→ TASK ITEM: Write out the data exactly, please, and omit the pictures.

→ MATERIAL FOR THIS EXERCISE:

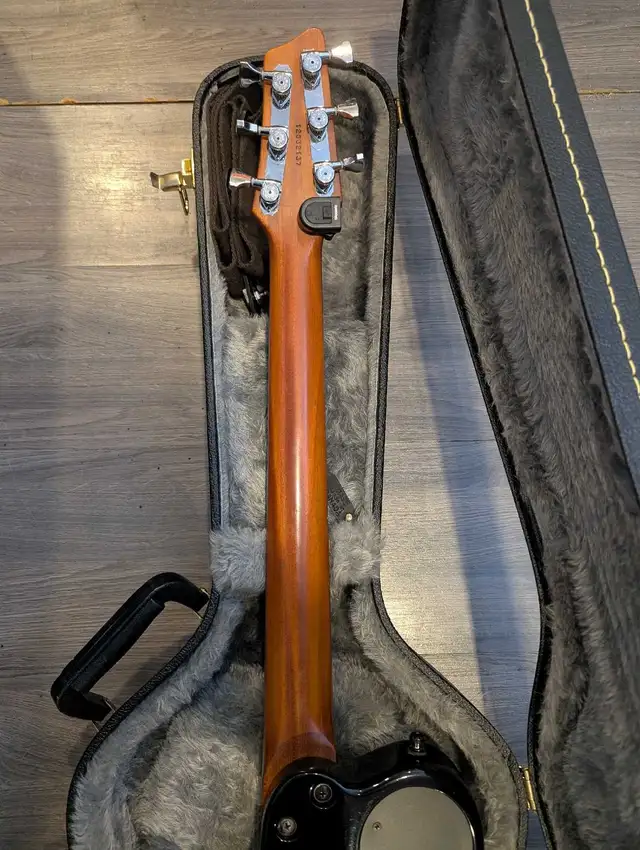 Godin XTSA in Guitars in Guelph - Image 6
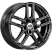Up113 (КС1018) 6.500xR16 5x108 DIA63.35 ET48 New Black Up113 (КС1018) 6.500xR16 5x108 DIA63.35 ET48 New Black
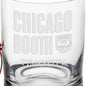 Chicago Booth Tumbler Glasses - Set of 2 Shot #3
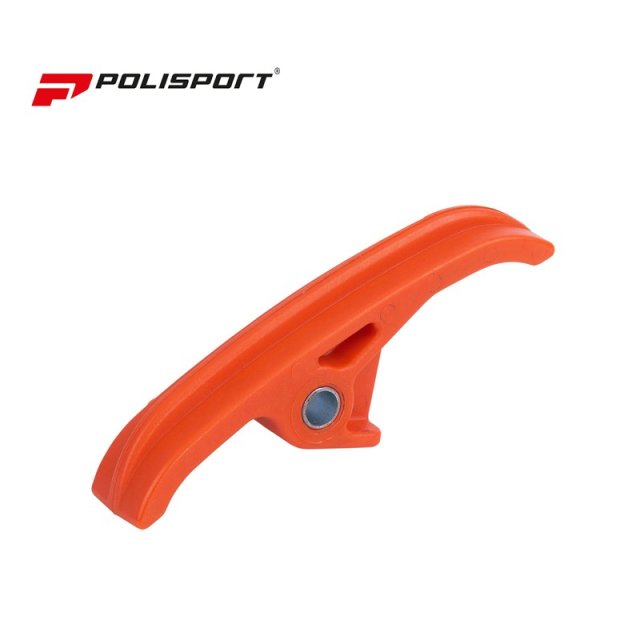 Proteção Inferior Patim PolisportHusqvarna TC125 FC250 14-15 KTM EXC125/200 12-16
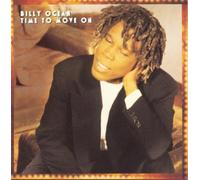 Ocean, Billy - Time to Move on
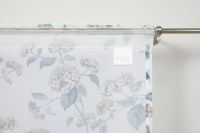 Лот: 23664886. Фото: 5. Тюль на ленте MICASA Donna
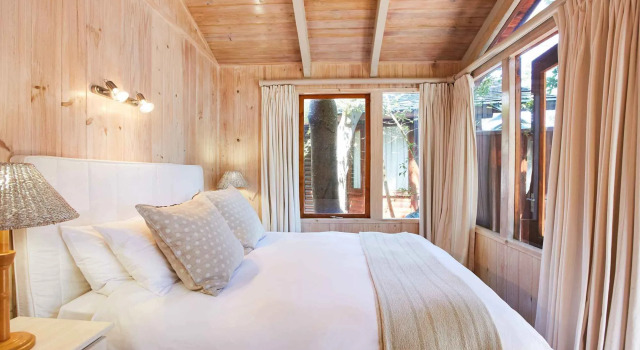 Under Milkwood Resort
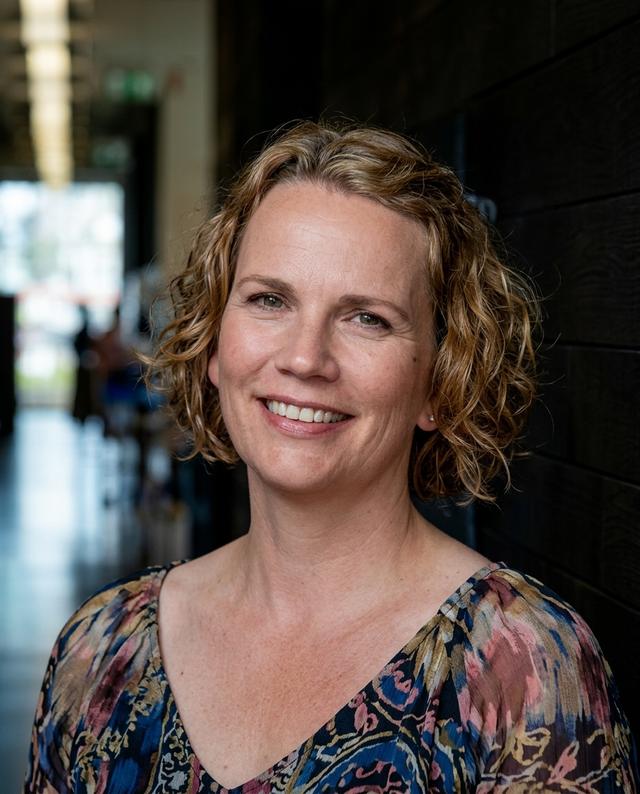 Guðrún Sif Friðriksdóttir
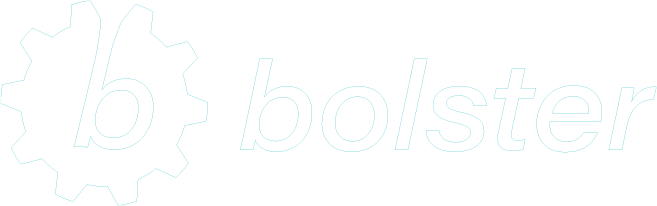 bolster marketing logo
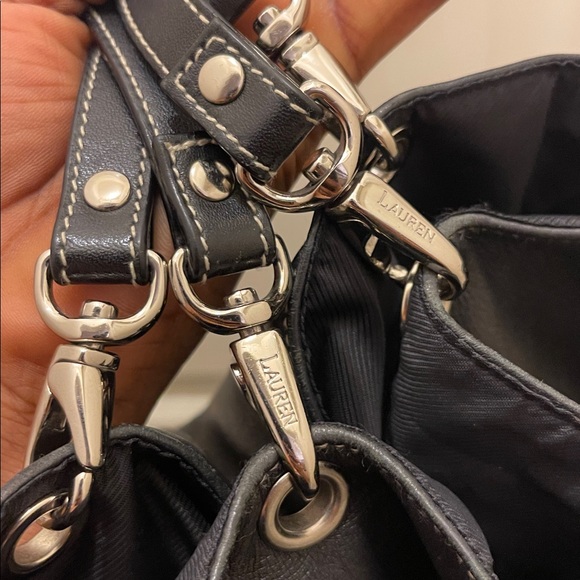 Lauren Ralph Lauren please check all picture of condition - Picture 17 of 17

→ RESPONSE FOR THIS EXERCISE:
 Godin XTSA in Guitars in Guelph - Image 6
Up113 (КС1018) 6.500xR16 5x108 DIA63.35 ET48 New Black Up113 (КС1018) 6.500xR16 5x108 DIA63.35 ET48 New Black
 Chicago Booth Tumbler Glasses - Set of 2 Shot #3
 Proteção Inferior Patim PolisportHusqvarna TC125 FC250 14-15 KTM EXC125/200 12-16
 Ocean, Billy - Time to Move on
 Лот: 23664886. Фото: 5. Тюль на ленте MICASA Donna
 Under Milkwood Resort
 Guðrún Sif Friðriksdóttir
 bolster marketing logo
 Lauren Ralph Lauren please check all picture of condition - Picture 17 of 17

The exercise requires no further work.